# ASSIGNMENT
Except for the pictures, reproduce the records word for word.

[[ THE DATA open ]]

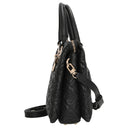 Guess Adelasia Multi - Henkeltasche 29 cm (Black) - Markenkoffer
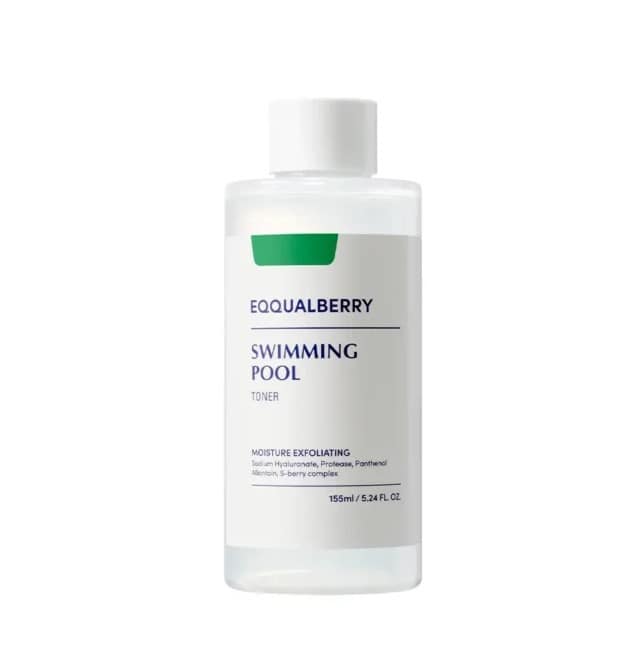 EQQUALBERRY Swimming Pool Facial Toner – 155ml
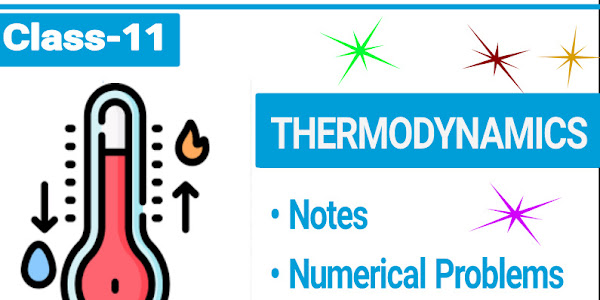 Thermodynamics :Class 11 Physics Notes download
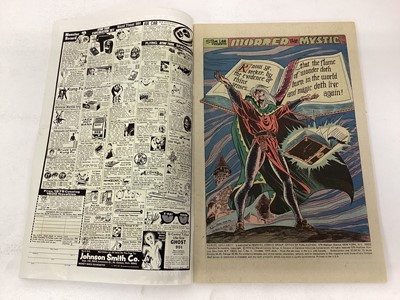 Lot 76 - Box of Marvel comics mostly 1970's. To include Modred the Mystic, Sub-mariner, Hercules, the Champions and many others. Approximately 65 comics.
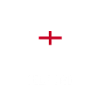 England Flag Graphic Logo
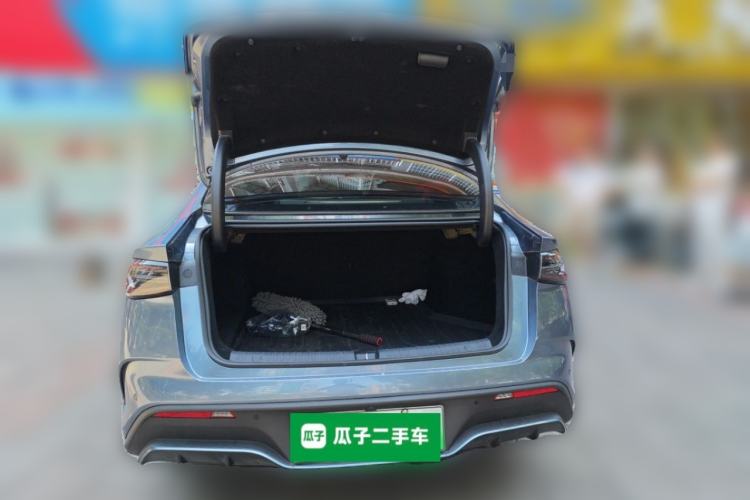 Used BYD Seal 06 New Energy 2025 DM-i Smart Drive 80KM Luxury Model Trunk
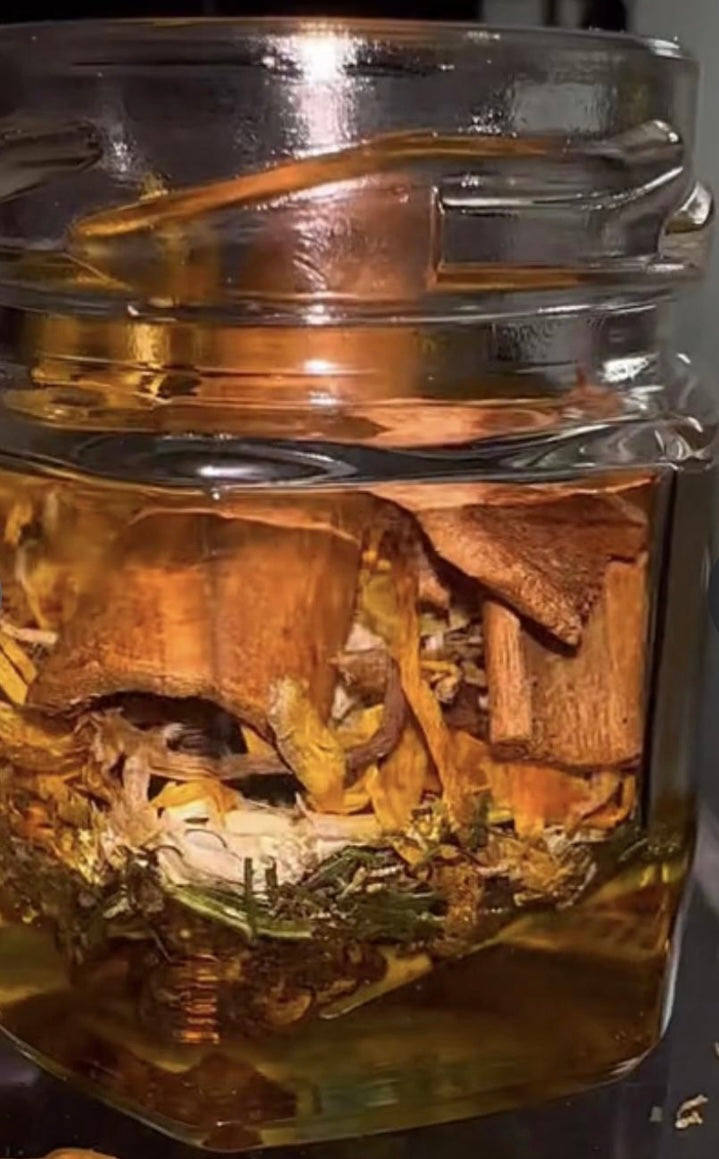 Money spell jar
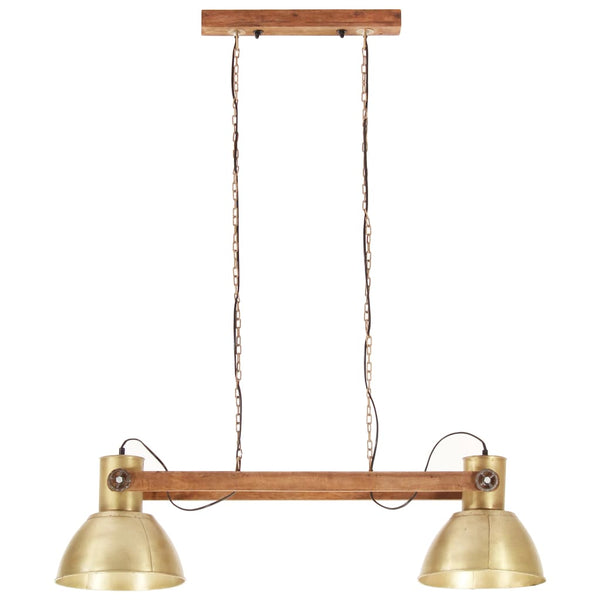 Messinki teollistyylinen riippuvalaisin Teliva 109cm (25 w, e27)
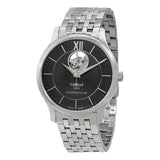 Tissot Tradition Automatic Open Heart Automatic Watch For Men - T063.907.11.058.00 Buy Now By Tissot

[[ THE DATA closed ]]

# SOLVED PROBLEM
 Guess Adelasia Multi - Henkeltasche 29 cm (Black) - Markenkoffer
 EQQUALBERRY Swimming Pool Facial Toner – 155ml
 Thermodynamics :Class 11 Physics Notes download
 Lot 76 - Box of Marvel comics mostly 1970's. To include Modred the Mystic, Sub-mariner, Hercules, the Champions and many others. Approximately 65 comics.
 England Flag Graphic Logo
 Used BYD Seal 06 New Energy 2025 DM-i Smart Drive 80KM Luxury Model Trunk
 Money spell jar
 Messinki teollistyylinen riippuvalaisin Teliva 109cm (25 w, e27)
 Tissot Tradition Automatic Open Heart Automatic Watch For Men - T063.907.11.058.00 Buy Now By Tissot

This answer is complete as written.